Exercise materials section start

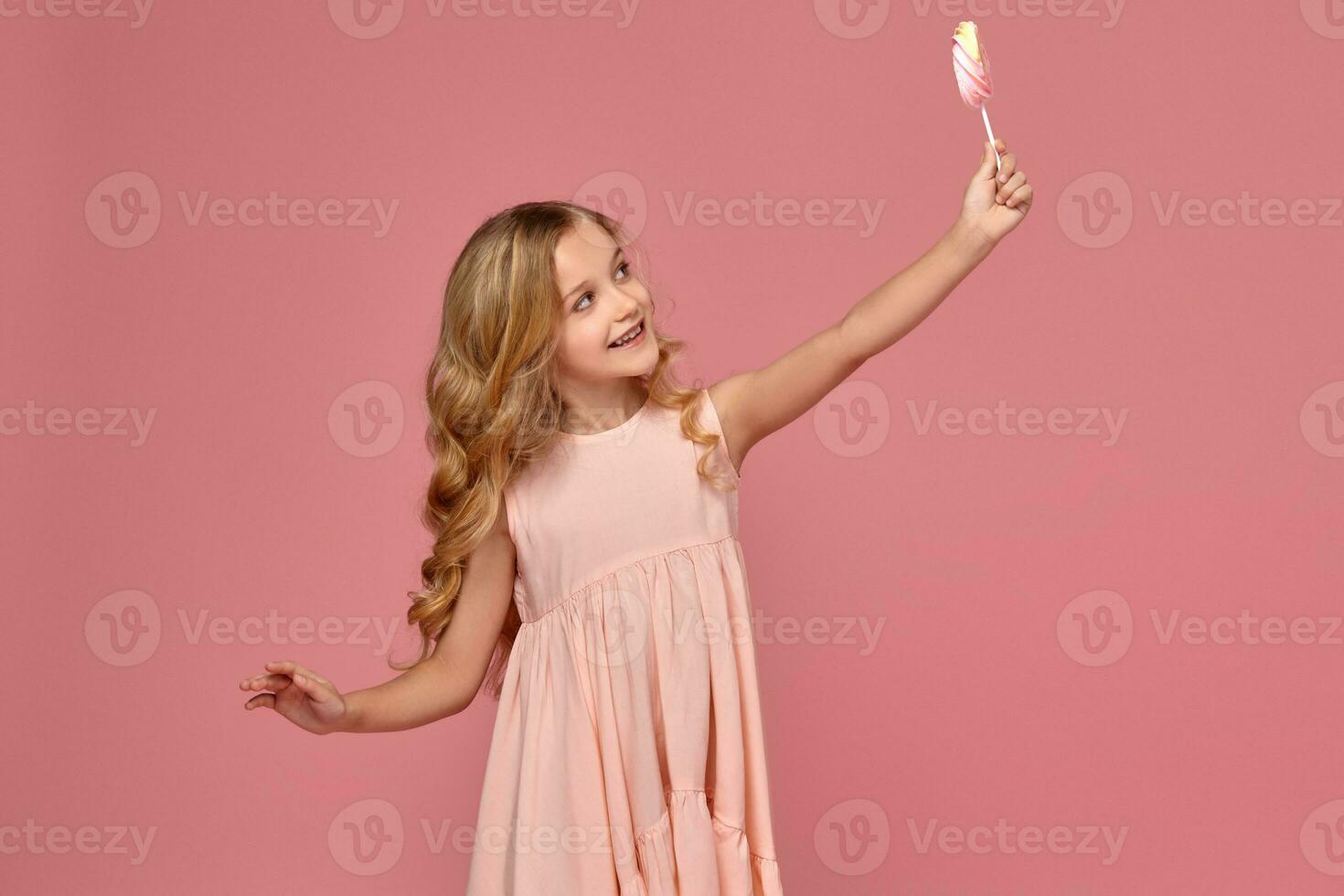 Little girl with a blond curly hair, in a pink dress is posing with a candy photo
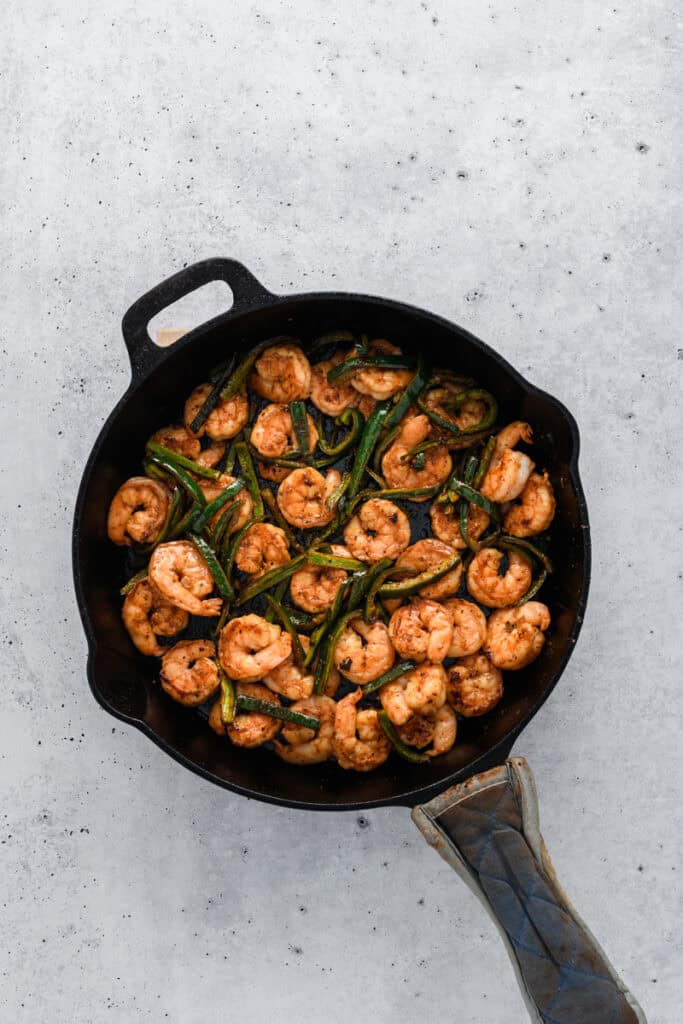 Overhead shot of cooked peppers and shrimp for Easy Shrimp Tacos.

Exercise materials section end
Exercise materials section start

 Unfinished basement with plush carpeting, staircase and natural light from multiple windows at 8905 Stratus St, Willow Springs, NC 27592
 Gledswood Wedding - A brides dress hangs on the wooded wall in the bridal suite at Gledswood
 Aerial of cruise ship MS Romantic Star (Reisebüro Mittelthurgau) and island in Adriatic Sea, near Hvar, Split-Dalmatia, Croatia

Exercise materials section end

Your assignment: Your answer must be the exact lines from the records above, from the one containing "Little girl with" through the one containing "Overhead shot of", both included, with every picture left out.

Answer box:
 Little girl with a blond curly hair, in a pink dress is posing with a candy photo
 Overhead shot of cooked peppers and shrimp for Easy Shrimp Tacos.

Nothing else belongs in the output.